_Work required_.
A verbatim transcript of the lines below, starting at the first and ending with the one that holds "Extensor de WiFi", is what should be produced.

_Data records_.
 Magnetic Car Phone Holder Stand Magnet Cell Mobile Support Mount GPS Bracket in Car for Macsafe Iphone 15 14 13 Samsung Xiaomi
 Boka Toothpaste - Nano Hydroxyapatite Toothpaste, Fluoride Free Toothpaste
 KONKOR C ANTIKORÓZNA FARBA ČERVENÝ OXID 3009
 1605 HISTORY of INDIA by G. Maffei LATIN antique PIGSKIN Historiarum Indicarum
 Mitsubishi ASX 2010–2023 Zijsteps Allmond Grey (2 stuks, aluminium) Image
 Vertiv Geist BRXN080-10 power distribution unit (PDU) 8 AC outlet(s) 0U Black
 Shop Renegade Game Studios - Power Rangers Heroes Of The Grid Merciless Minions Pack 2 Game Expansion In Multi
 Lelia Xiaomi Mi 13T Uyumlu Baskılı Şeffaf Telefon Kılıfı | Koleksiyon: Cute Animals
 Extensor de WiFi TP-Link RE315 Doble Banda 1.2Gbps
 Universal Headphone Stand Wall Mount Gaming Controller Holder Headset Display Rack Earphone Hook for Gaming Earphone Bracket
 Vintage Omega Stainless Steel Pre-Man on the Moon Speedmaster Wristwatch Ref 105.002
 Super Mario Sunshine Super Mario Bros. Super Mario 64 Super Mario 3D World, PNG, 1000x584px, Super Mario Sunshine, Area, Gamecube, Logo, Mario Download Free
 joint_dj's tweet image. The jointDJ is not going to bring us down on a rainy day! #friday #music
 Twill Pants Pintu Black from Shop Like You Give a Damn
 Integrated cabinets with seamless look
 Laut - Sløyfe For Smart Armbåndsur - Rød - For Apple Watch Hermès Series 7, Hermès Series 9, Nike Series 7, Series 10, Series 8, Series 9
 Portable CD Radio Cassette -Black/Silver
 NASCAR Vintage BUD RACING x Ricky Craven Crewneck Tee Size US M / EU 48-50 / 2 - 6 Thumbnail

_Answer section_.
 Magnetic Car Phone Holder Stand Magnet Cell Mobile Support Mount GPS Bracket in Car for Macsafe Iphone 15 14 13 Samsung Xiaomi
 Boka Toothpaste - Nano Hydroxyapatite Toothpaste, Fluoride Free Toothpaste
 KONKOR C ANTIKORÓZNA FARBA ČERVENÝ OXID 3009
 1605 HISTORY of INDIA by G. Maffei LATIN antique PIGSKIN Historiarum Indicarum
 Mitsubishi ASX 2010–2023 Zijsteps Allmond Grey (2 stuks, aluminium) Image
 Vertiv Geist BRXN080-10 power distribution unit (PDU) 8 AC outlet(s) 0U Black
 Shop Renegade Game Studios - Power Rangers Heroes Of The Grid Merciless Minions Pack 2 Game Expansion In Multi
 Lelia Xiaomi Mi 13T Uyumlu Baskılı Şeffaf Telefon Kılıfı | Koleksiyon: Cute Animals
 Extensor de WiFi TP-Link RE315 Doble Banda 1.2Gbps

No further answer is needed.